I have a webapp that's built on python/Flask and it has a corresponding background job that runs continuously, periodically polling for data for each registered user.

I would like this background job to start when the system starts and keep running til it shuts down. Instead of setting up /etc/rc.d scripts, I just had the flask app spawn a new process (using the multiprocessing module) when the app starts up.

So with this setup, I only have to deploy the Flask app and that will get the background worker running as well.

What are the downsides of this? Is this a complete and utter hack that is fragile in some way or a nice way to set up a webapp with corresponding background task?


The downside of your approach is that there are many ways it could fail especially around stopping and restarting your flask application.

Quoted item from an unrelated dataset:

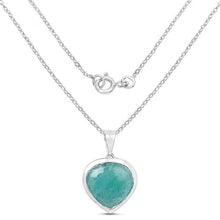 Load image into Gallery viewer, 9.79 Carat Genuine Amazonite &amp; Tanzanite .925 Sterling Silver Pendant
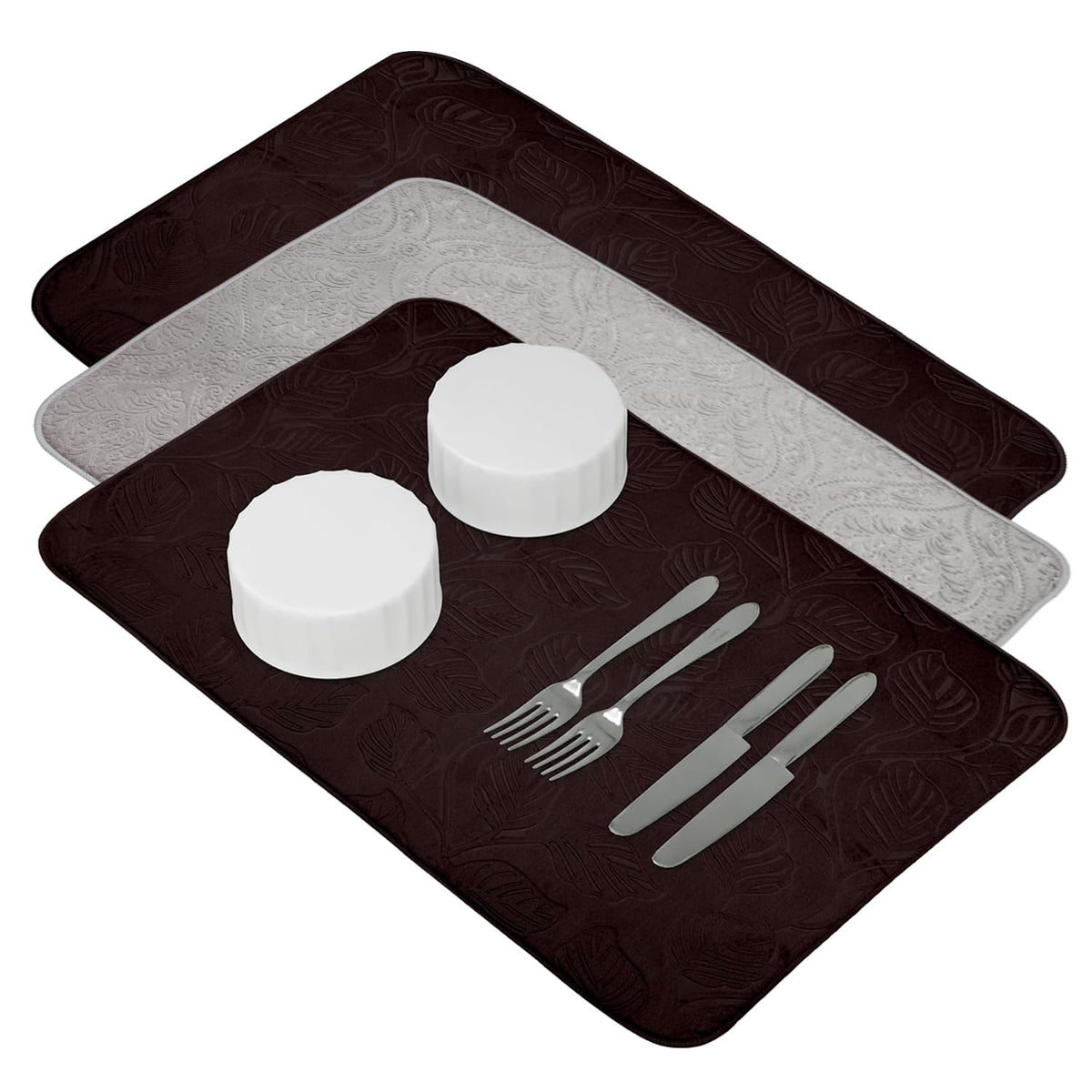 Heart Home Dish Dry Mat | Microfiber Self Drying Mat | Kitchen Drying Mat | Water Absorbent Kitchen Mat | Embossed Dish Dry Mat | 50x70 | Pack of 3 | Multicolor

  • You will have to deal with graceful shutdown to give your worker a chance to finish its current task.
  • Sometime your worker won't stop on time and might linger while you start another one when you reboot your flask application.

Here are some approches I would suggest depending on your constraints:

script + crontab

You only have to write a script that does whatever task you want and cron will take care of running it for you every few minutes. Advantages: cron will run it for you periodically and will start when the system starts. Disadvantages: if the task takes too long, you might have multiple instances of your script running at the same time. You can find some solutions for this problem here.

supervisord

supervisord is a neat way to deal with different daemons. You can set it to run your app, your background script or both and have them start with the server. Only downside is that you have to install supervisord and make sure its daemon is running when the server starts.

uwsgi

uwsgi is a very common way for deploying flask applications. It has few features that might come in handy for managing background workers.

Celery

Celery is an asynchronous task queue/job queue based on distributed message passing. It is focused on real-time operation, but supports scheduling as well. I think this is the best solution for scheduling background tasks for a flask application or any other python based application. But using it comes with some extra bulk. You will be introducing at least the following processes: - a broker (rabbitmq or redis) - a worker - a scheduler

You can also get supervisord to manage all of the processes above and get them to start when the server starts.

Conclusion

In your quest of reducing the number of processes, I would highly suggest the crontab based solution as it can get you a long way. But please make sure your background script leaves an execution trace or logs of some sort.